There has been a substantial update since this was first posted. The lead authors of the World Happiness Report have now reached out to me directly. Details at the bottom.
The World Happiness Report (WHR) is currently the best known and most widely accepted source of information on global life satisfaction. Its six-variable model of satisfaction is reproduced in textbooks and has been published in the same form by the United Nations since 2012. However, almost no justification is given for why these six variables are used. In response, I attempted to do the only thing I thought was responsible -- do an exhaustive search over 5,000 variables in international datasets, and see empirically what actually predicts satisfaction. I've consulted with life satisfaction specialists both in economics departments and major think tanks, and none thought this had been done before.
The variables that are selected by this more rigorous method are dramatically different from those of the WHR, and the resulting model is substantially more accurate both in and out of sample. In particular, the WHR leaves out entire categories of variables on subjects as varied, and as basic, as education, discrimination, and political power. Perhaps most dramatically, the way the WHR presents the data appears to suggest that GDP explains 40% of model variation. I find that, with my measurably more accurate model, it in fact predicts 2.5%.
The graph below ranks the model variables by contribution, which is the amount of the total satisfaction of a country they are estimated to predict.
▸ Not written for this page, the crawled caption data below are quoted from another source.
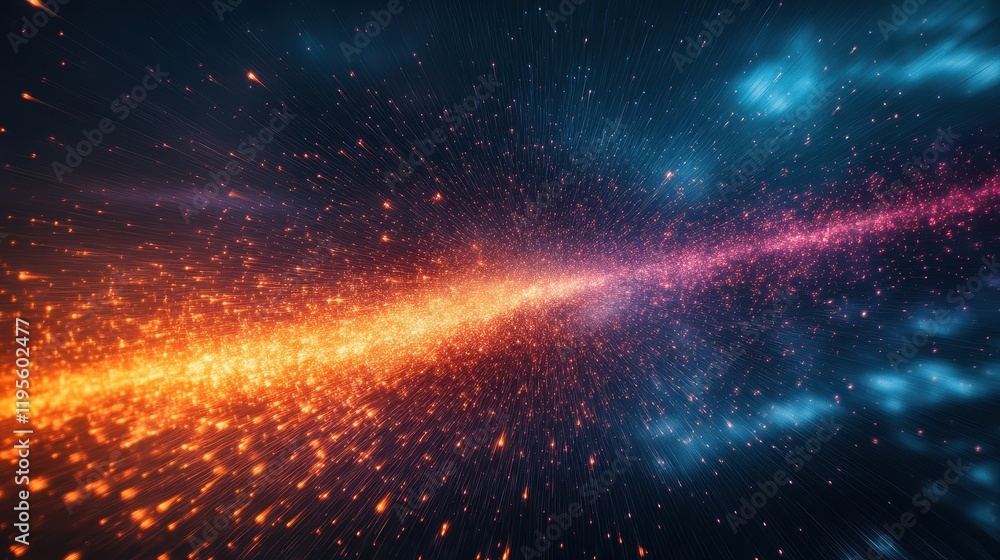 Obraz premium Stunning Cosmic Explosion of Light and Color Creating Dazzling Visual Effects in Vast Space Background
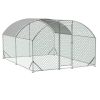 Large Chicken Coop Metal Chicken Run with Waterproof and Anti-UV Cover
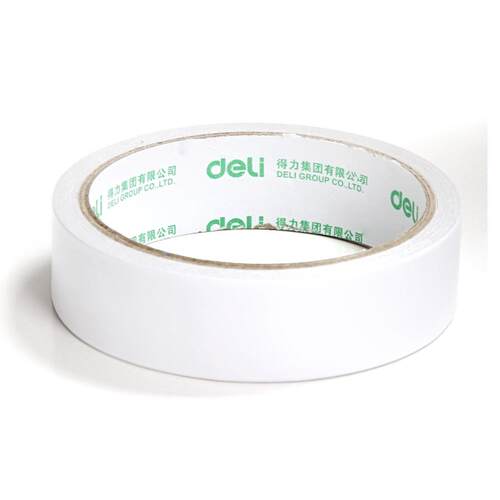得.力30403棉纸双面胶带24mm*10y*80um(白)(12卷/袋)手工文具
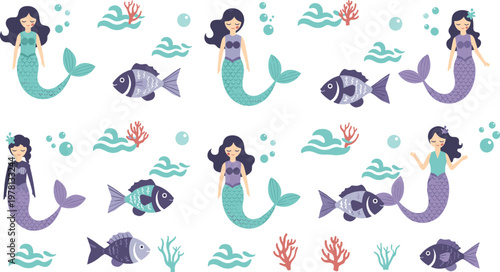 Seamless Mermaid Pattern Vector Illustration with Cute Siren Characters Fish Coral Seaweed and Ocean Elements in Flat Cartoon Style for Kids Design.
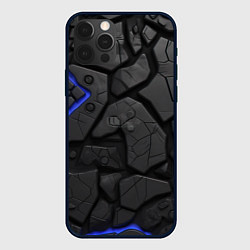 Чехол iPhone 12 Pro Max Черные плиты с синей вставкой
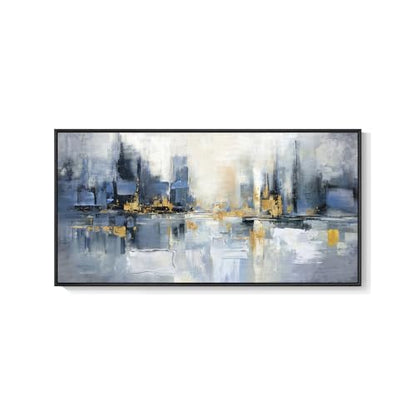 Extra Large Framed Blue Abstract Modern Wall Art for Living Room, 60x30 In - color: Blue, size: 60"L x 30"W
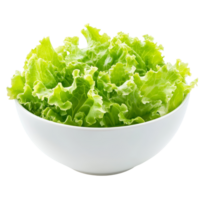 Fresh frillies iceberg lettuce in a clean transparent bowl ready for healthy salads or side dishes, Frillies iceberg lettuce in wood bowl isolated on transparent background png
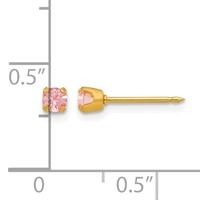 Inverness 14K Yellow Gold 3mm June Pink Crystal Birthstone Post Piercing Earrings view 4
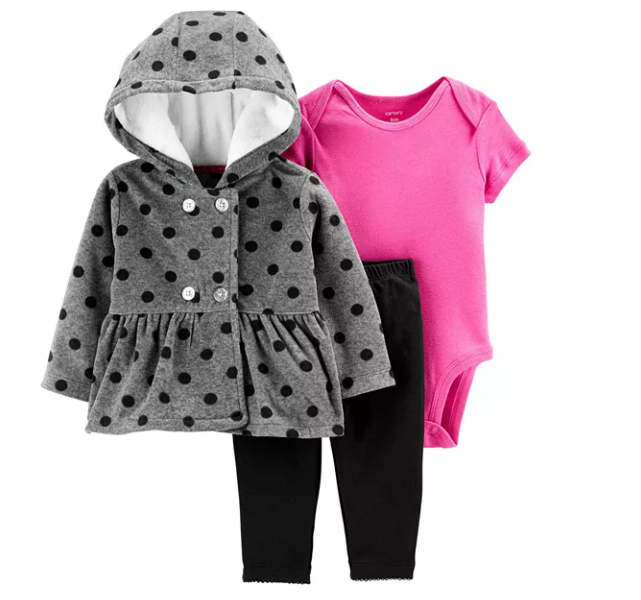 Conjunto de macacão e calça com estampa de bolinhas e lã Carter's Baby Girl, tamanho cinza, 3 peças, recém-nascido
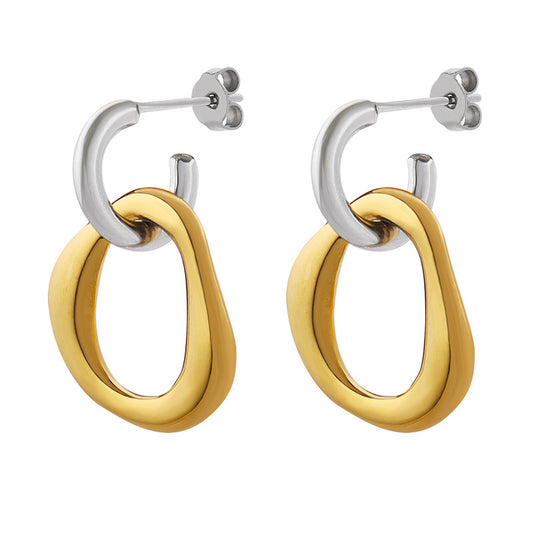 Exquisite Geometric Gold-Plated Earrings by Planderful Collection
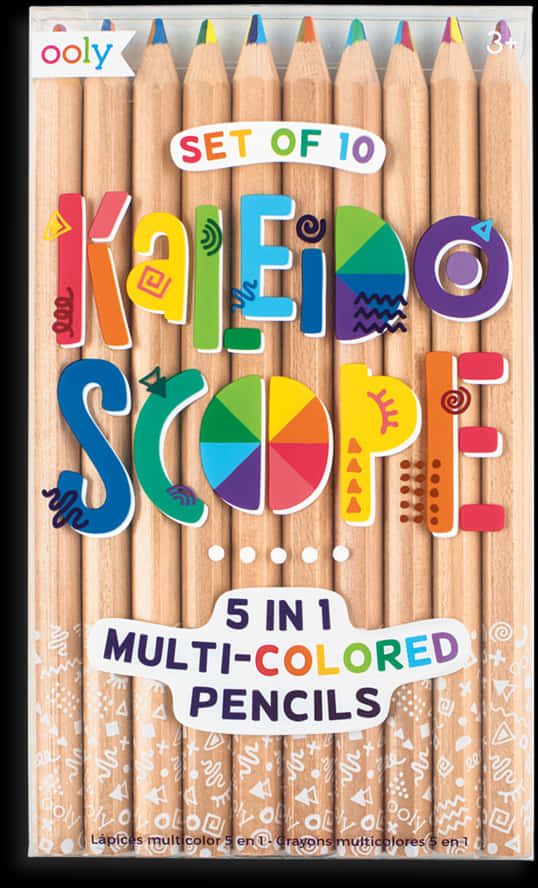 Kaleidoscope Multicolored Pencils Set PNG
For interpretation, 1.5 points of satisfaction on the 11-point scale is equivalent to the grief felt at the death of a life partner, meaning these numbers may be numerically small, but they are enormously significant behaviorally.
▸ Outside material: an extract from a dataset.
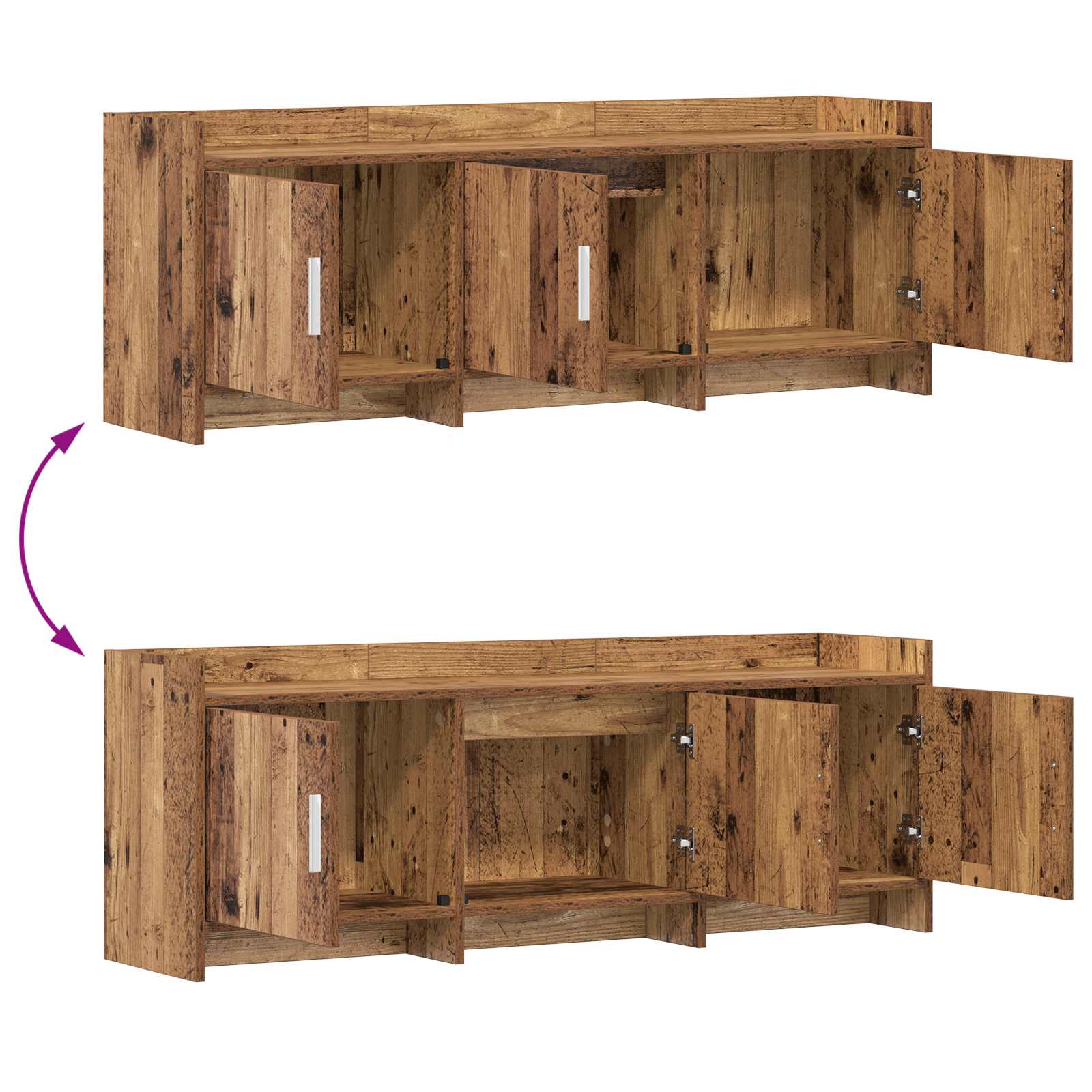 Meuble TV 130 x 33 x 47 cm Bois ancien Bois d'ingénierie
All variables included here were chosen by a penalized regression out of a total of 1,058 viable candidates, after 5,500 variables were examined. (Most were too missing to be used and trusted.) They are colored by significance, with even least still marginally significant, and almost all significant at the 0.001 level.
I have already gotten extremely positive feedback from academic circles, and have started looking for communities of practice that would find this valuable.
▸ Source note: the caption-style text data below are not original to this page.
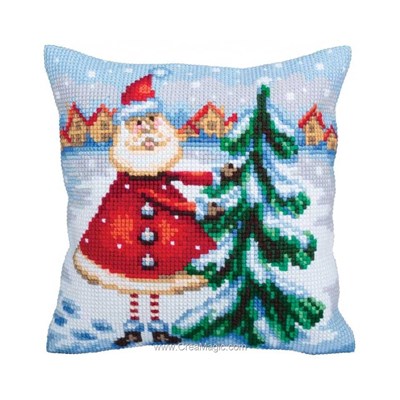 Coussin père noël en laponie de Collection d'art au point de croix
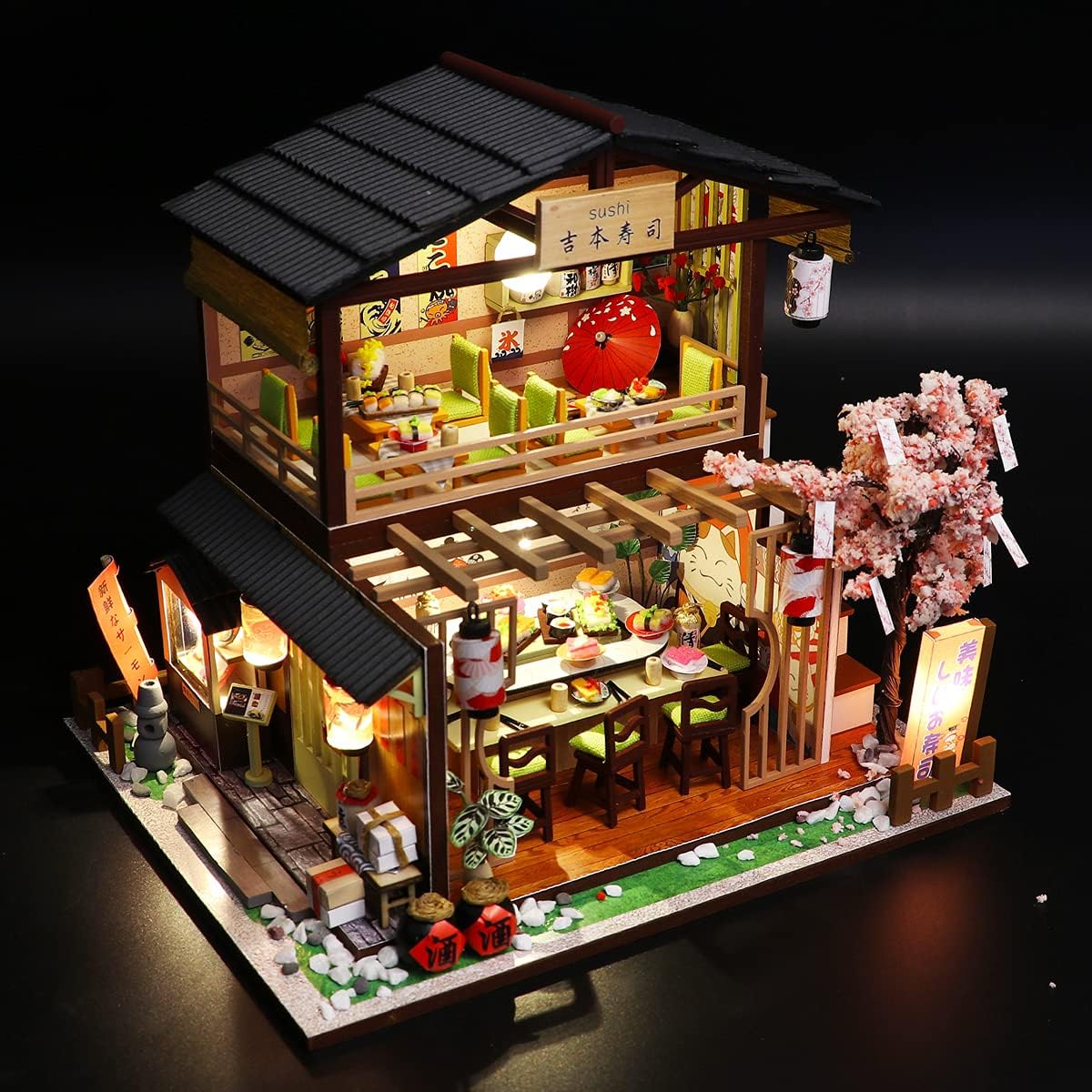 GuDoQi DIY Miniature Dollhouse Kit, Miniature House Kit 1:24 Scale, Tiny House kit with Music and Furniture Kit, Great Gift for Birthday Christmas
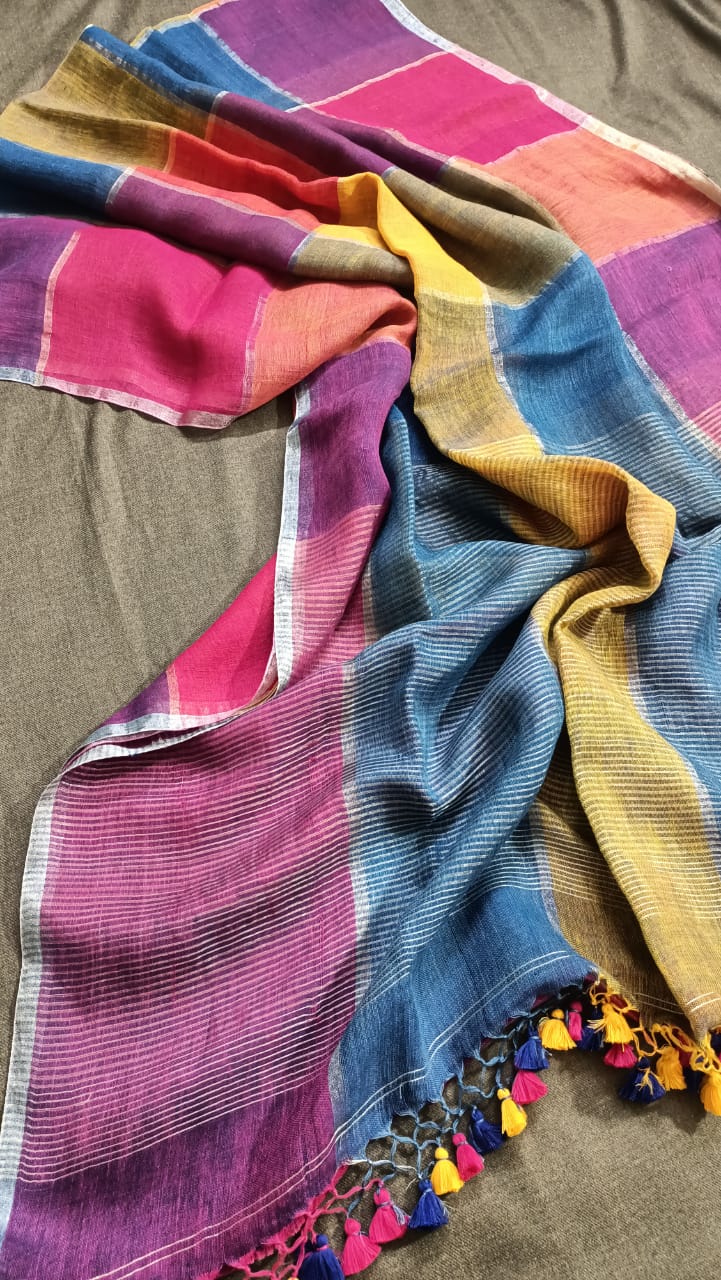 Pure multi colour linen by linen & zari sarees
A link to the paper is below:
https://dovecoteinstitute.org/files/Loewi-Life-Satisfaction-2024.pdf
UPDATE: The lead authors of the World Happiness Report have now reached out to me directly. Already this is a shock, as I had no idea if my findings would even be taken seriously. The authors suggested changes to my methods, and I have spent the last few weeks incorporating their suggestions, during which I thought it was only responsible to take the post down. However having now taken their recommendations into account -- I find the results are in every meaningful way identical, and in fact now substantially reinforced. The post and paper have been updated to reflect what changes there were.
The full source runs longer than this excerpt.